● Problem to solve
Would you output the listing exactly, with every image omitted?

● Data excerpt
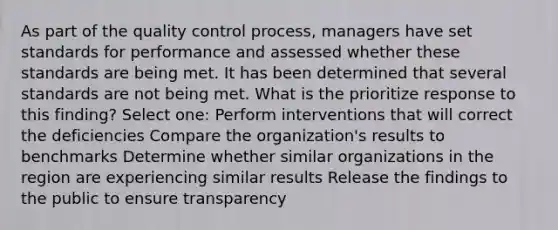 As part of the <a href='https://www.questionai.com/knowledge/k1NGURoTHc-quality-control' class='anchor-knowledge'>quality control</a> process, managers have set standards for performance and assessed whether these standards are being met. It has been determined that several standards are not being met. What is the prioritize response to this finding? Select one: Perform interventions that will correct the deficiencies Compare the organization's results to benchmarks Determine whether similar organizations in the region are experiencing similar results Release the findings to the public to ensure transparency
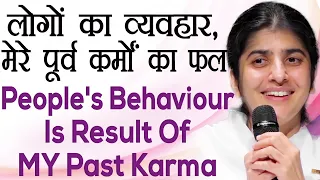 People's Behaviour is result of MY Past Karma: Ep 45: Subtitles English: BK Shivani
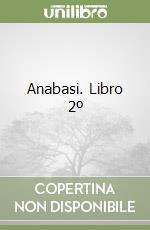 Anabasi. Libro 2º libro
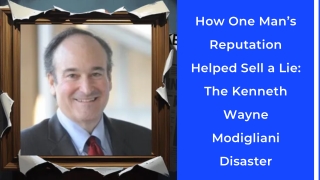 How One Man’s Reputation Helped Sell a Lie The Kenneth Wayne Modigliani Disaster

● Answer box
 As part of the <a href='https://www.questionai.com/knowledge/k1NGURoTHc-quality-control' class='anchor-knowledge'>quality control</a> process, managers have set standards for performance and assessed whether these standards are being met. It has been determined that several standards are not being met. What is the prioritize response to this finding? Select one: Perform interventions that will correct the deficiencies Compare the organization's results to benchmarks Determine whether similar organizations in the region are experiencing similar results Release the findings to the public to ensure transparency
 People's Behaviour is result of MY Past Karma: Ep 45: Subtitles English: BK Shivani
 Anabasi. Libro 2º libro
 How One Man’s Reputation Helped Sell a Lie The Kenneth Wayne Modigliani Disaster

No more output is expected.